11353 posts since 18 Oct, 2003, from Berlin, Germany

Postby Compyfox; Sun Jan 12, 2014 6:39 am Re: Good ways to make your songs approximately the same volu

Again, here the EBU R-128/ITU-R BS.1770 standard really shines. Add to that my K-System v2 concept and that is an excellent weapong for mastering music.



With your last post, I think we can really say that you mean by "average loudness measurement", that it has to be:
a) within a given selected timeframe
b) post recording (read: full mix for example)
c) somewhat static and not measured in real time

Tools that do not do this in realtime are indeed wave editor built in analysis tools (Wavelab comes to mind), also the once available DR-Meter offline tool, that measured the max peak, and the dynamic range from random points in the song over the length of the track.

Tools like EBU R-128 can do this in realtime, who also exist as "offline measurement tools" (depending on the developer, faster than realime), which are just as precise.

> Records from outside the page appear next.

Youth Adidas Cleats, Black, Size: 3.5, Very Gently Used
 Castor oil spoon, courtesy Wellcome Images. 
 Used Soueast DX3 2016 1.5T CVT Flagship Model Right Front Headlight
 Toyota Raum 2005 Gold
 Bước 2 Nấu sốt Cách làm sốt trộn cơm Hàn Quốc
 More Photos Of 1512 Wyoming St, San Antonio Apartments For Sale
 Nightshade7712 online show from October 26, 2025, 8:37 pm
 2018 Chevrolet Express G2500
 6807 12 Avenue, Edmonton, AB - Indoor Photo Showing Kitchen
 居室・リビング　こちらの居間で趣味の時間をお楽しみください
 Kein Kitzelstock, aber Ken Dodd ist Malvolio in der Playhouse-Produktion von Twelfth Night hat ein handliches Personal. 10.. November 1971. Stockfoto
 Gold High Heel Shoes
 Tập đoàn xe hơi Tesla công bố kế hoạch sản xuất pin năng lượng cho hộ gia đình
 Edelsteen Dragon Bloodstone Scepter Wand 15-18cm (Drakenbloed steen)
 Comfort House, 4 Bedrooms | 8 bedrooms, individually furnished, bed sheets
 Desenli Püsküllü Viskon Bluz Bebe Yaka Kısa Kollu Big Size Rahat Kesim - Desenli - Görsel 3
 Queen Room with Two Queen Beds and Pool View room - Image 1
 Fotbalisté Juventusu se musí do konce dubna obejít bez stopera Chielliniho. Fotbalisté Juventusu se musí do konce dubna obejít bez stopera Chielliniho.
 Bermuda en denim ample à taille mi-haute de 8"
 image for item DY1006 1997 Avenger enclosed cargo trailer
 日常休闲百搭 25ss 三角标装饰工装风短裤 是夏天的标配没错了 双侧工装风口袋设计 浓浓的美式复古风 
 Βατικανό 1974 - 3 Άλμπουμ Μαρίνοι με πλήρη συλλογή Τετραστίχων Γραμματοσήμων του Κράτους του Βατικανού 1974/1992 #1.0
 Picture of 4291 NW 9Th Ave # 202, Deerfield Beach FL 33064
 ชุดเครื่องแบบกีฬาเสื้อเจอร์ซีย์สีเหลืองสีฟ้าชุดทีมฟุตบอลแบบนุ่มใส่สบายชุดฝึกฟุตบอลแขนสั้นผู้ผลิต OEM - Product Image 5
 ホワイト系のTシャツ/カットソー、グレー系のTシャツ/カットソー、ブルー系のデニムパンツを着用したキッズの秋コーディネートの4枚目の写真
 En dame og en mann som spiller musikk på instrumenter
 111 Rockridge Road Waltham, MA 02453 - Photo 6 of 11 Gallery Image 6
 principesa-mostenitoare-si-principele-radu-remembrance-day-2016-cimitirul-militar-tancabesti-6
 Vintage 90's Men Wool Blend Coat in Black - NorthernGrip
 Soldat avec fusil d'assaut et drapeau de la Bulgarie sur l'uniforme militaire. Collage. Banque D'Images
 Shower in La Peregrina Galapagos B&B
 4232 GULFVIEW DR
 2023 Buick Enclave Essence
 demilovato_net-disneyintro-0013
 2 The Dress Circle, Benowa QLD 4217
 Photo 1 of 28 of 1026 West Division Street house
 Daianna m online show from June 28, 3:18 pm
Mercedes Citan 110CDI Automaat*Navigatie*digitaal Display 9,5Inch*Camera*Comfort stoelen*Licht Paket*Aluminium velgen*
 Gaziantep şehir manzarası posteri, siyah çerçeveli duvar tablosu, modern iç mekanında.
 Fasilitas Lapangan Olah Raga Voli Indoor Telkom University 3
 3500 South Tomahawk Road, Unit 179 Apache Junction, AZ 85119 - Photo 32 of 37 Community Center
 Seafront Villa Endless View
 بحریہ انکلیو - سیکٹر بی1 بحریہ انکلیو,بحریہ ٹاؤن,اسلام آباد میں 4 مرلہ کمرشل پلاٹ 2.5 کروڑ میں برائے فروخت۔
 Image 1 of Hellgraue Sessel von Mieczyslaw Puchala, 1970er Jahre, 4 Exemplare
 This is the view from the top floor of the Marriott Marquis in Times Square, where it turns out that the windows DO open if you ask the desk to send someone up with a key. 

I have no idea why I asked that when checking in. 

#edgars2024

So in the end, we can really say:
- Peak and Average signal strength measurement tools are Digital Meter, VU/RMS (needle/bargrapth)
- loudness measurement tools are then ideally: offline tools (wave editor analysis), tools with weighting filter (like EBU R-128 and the DR-Meter, c-weighted hardware SPL meter at 1m distance to the source signal)


Can we agree on that?
Last edited by Compyfox on Sun Jan 12, 2014 7:14 am, edited 2 times in total.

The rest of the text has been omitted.